Krieger made several international trips including a visit to England in the summer of 1931. She returned to Toronto via New York and, when entering the United States, she records details such as: 5 foot 5 inches tall, with dark complexion, brown hair and brown eyes. In the summer of 1936 she visited England again, and stayed at Canada House, Trafalgar Square, London. In 1945 she visited the United States for nine days and we learn from the details she gave that she was able to read and write English, Polish, French, and German. In July 1957 she visited London, England staying at Crosby Hall where the International Federation of University Women had offices and also residential accommodation for visitors. In 1960 she visited France with her husband.

In 1997 Cathleen Morawetz was awarded the Krieger-Nelson Prize Lectureship for Distinguished Research by Women in Mathematics by the Canadian Mathematical Society. In accepting the award she recalled her own memories of Krieger:-
I come to my first memory of her from, I think, Christmas 1930. My father was her colleague in mathematics at the University of Toronto.

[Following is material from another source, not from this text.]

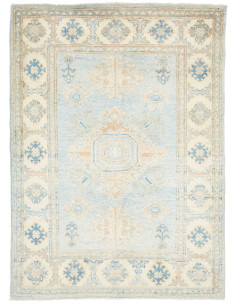 Tappeto Originale Kazak Afghanistan 86x119 Azzu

We had just returned to Canada from Ireland and Miss Krieger, as she was known to us children, took my sister and me to the pantomime. I hope I did not say so at the time, but I thought its lack of plot was very stupid (the pantomime in Ireland suffered the same defect). But there was no question that Miss Krieger was the kindest person I had ever met, and I probably did not say that either. ...

For many students of mathematics, she was the source of friendship and encouragement in every way. Her Sunday teas for students were famous for their sociability, intellectual conversation, terrific cakes and every now and then "matches"; for example, she introduced my sister to the man who became her husband. I remember learning that she was also the sole support for many years of her mother and a handicapped sister. It must be added that she lived at a time when the prejudice against women meant that she was for over twenty years not promoted from her position as lecturer.
Krieger is best known for her English translation of Sierpinski's Introduction to General Topology (1934) and General Topology (1952). In this latter book she presented a 30 page appendix on the theory of infinite cardinals and ordinals. We should also mention her work for the Canadian Association of University Women. She strongly supported women having the chance to succeed in mathematics, but when asked what chance a woman had to become successful she replied [14]:-
It really depends upon the individual.
As to her interests outside mathematics we have her own description [1]:-
When asked by a local newspaper about a mathematician's idea of relaxation, Krieger mentioned music, literature and theatre. She had no hobbies and was not interested in sports. Not surprisingly, her work was an all-consuming occupation.
Both Krieger and her husband were buried in Roselawn Cemetery, Roselawn Avenue, Toronto.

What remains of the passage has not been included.